Bisnis.com, JAKARTA - PT PLN (Persero) menyatakan telah melakukan kontrak jangka panjang dengan waktu kurang lebih 5 tahun untuk memenuhi kebutuhan batu bara yang terus naik.
Adapun hingga akhir 2019, telah terjadi peningkatan tambahan kapasitas pembangkit listrik tenaga uap (PLTU) hingga 3.017 MW. Pada 2020, akan ada penambahan kapasitas PLTU hingga 5.000 MW seiring dengan meningkatnya realisasi megaproyek 35.000 MW.
Berdasarkan Rencana Usaha Penyediaan Tenaga Listrik (RUPTL) PLN 2019-2028, proyeksi kebutuhan batu bara terus mengalami peningkatan sejak 2013. Realisasi kebutuhan batu bara pada 2013 adalah sebanyak 53,6 juta ton dan melonjak hingga mencapai 91,1 juta ton pada 2018.
Pada 2019, kebutuhan batu bara mencapai 97 juta ton. Sementara itu, dari 2020 hingga 2028 secara berturut-turut proyeksi kebutuhan batu bara untuk pembangkit listrik sebanyak 109 juta ton, 121 juta ton, 129 juta ton, 135 juta ton, 137 juta ton, 126 juta ton, 133 juta ton, 144 juta ton, dan 153 juta ton.
Khusus pada 2025, proyeksi kebutuhan batu bara memang turun sebesar 11 juta ton dari tahun sebelumnya menjadi 126 juta ton karena sejumlah PLTU lama yang berhenti beroperasi. PLTU yang telah memiliki usia lebih dari 30 tahun berhenti beroperasi dan mulai akan digantikan PLTU baru yang beroperasi di tahun-tahun setelahnya.

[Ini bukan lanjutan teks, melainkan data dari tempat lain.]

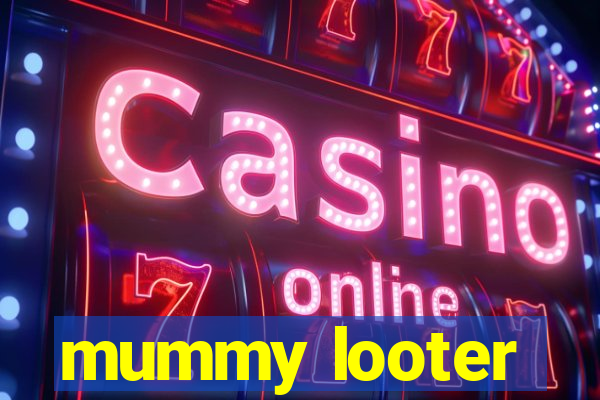 mummy looter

Direktur PLN Regional Jawa Madura Bali Haryanto WS mengatakan kontrak jangka panjang akan mengamankan kebutuhan batu bara PLN di tengah semakin meningkatnya kapasitas PLTU.
Kontrak batu bara untuk pembangkitan pada tahun ini masih melanjutkan kontrak yang digunakan pada tahun lalu. Apalagi, pemerintah kembali menerapkan wajib pasok batu bara dalam negeri (domestic market obligation/DMO) dan harga khusus.
"Pokoknya berapapun kami akan ambil. Pemerintah sudah menjamin DMO diperpanjang, jadi tidak ada alasan tidak ada batu bara," katanya, Senin (13/1/2020).
Soal rencana akuisisi perusahaan tambang untuk memastikan kebutuhan batu bara PLN, Hariyanto enggan membahasnya. "Jangan bicara itu dulu," katanya singkat.